West African negotiators who secured the release of two Canadian hostages used a cut of the ransom to rig a village election, U.S. diplomats allege in a leaked document.

Tarkint, a poor Malian village, suddenly found itself awash in "new-found affluence following the liberation of the Canadian hostages," according to a leaked U.S. cable that sheds light on the fallout from the deal to release Canadian diplomats Robert Fowler and Louis Guay.

The May, 2009, cable describes how a "combustible combination" of new funds and old rivalries led "bandits" to strong-arm voters on election day.

The May, 2009, cable is a sly rebuke of governments that hire interlocutors to deliver ransoms to terrorists in areas riven by tribal tensions. In northern Mali, the lines between terrorists and politicians can be blurry – for example, one of the lead kidnapping suspects in the Canadians' abduction allegedly resurfaced as a hired thug during the village's election day.

"The timing of the Canadians' liberation, less than a week before Mali's April 26 local elections, may not have been a complete coincidence – given that many of the actors who stood to benefit materially from the crisis's resolution were also running for election," the leaked State Department cable says.

On Saturday, The Globe and Mail revealed that the U.S. ambassador to Mali named and shamed Canada for being part of a secret ransom-for-hostages deal. The Conservative government has denied paying into a ransom.

The deal likely saved the lives of Mr. Fowler and Mr. Guay, who were held captive by an al-Qaeda faction for 130 days in the Sahara desert. But the deal led American diplomats to express fears that the payments would have negative effects on regional security.

The cable yields a different perspective on how the ransom may have tilted a delicate balance of power.

Tarkint, a crossroads near Timbuktu, is obscure to most of the world but familiar to trafficking networks who traverse the West African desert.

Canadian officials dispatched to Mali never had any hope of direct dialogue with the kidnappers, so they turned to locals to broker a deal. This led them to engage Tarkint's well-connected mayor, Baba Ould Sheik, who led his tribesmen on more than a dozen trips to talk to terrorist kidnappers in the Sahara.

"I don't regret that I fought for Fowler's liberation, but I'm not happy with Canada," Mr. Ould Sheik told The Globe and Mail after the deal. He complained that the Canadian officials had neither compensated nor thanked him.
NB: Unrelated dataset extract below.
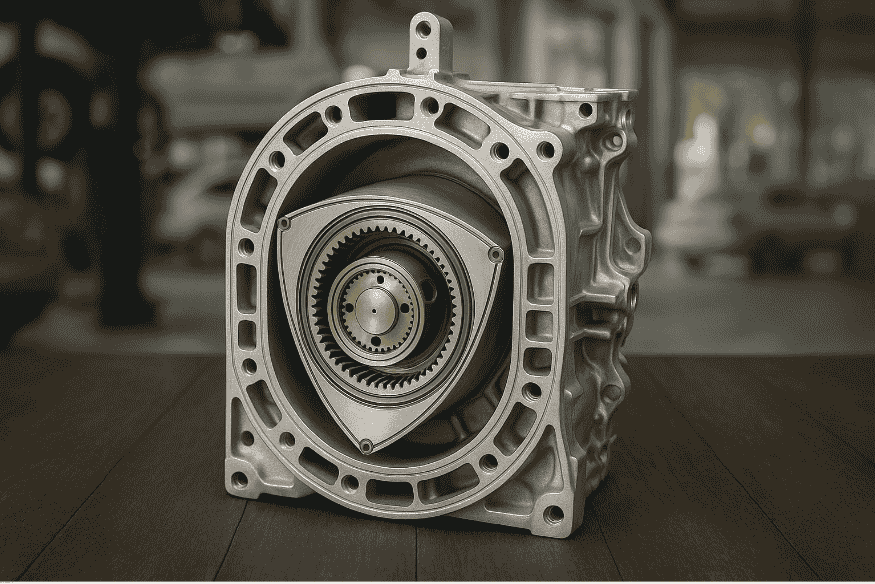 Motor Wankel em exposição, destacando o rotor e a carcaça metálica.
Despite Mr. Ould Sheik's complaints, he appears to have benefited greatly from the ransom, whether directly or indirectly. Within two weeks of the hostage release, political rivals were telling U.S. diplomats that armed "militiamen" had showed up at Tarkint intent on "bullying the local population." This strong arming and ballot-box stuffing allegedly tainted the election in favour of Mr. Ould Shiek and his ethnic Arab faction.

"Tarkint is particularly nettlesome as it involves Malian Arab factions, offended Tuaregs, and an enormous influx of cash likely linked to the Canadian and European hostage crisis," the cable observed.

U.S. diplomats were even told that one of the election-day militiamen was a notorious figure – a terrorist-tied trafficker known simply as "Cheibani."

The cables describe Cheibani as being the Canadians' original kidnapper, the man who brought the hostages to al-Qaeda figures in the desert. According to the cables, Cheibani also killed a U.S. military official in 2000 and was at large until late 2009, when he was arrested on suspicion of gunning down four Saudis at the Mali-Niger border.

Following the tainted election, outraged locals told U.S. diplomats they were prepared to go "to war" against their winning ethnic rivals if the courts didn't overturn some of the alleged vote rigging.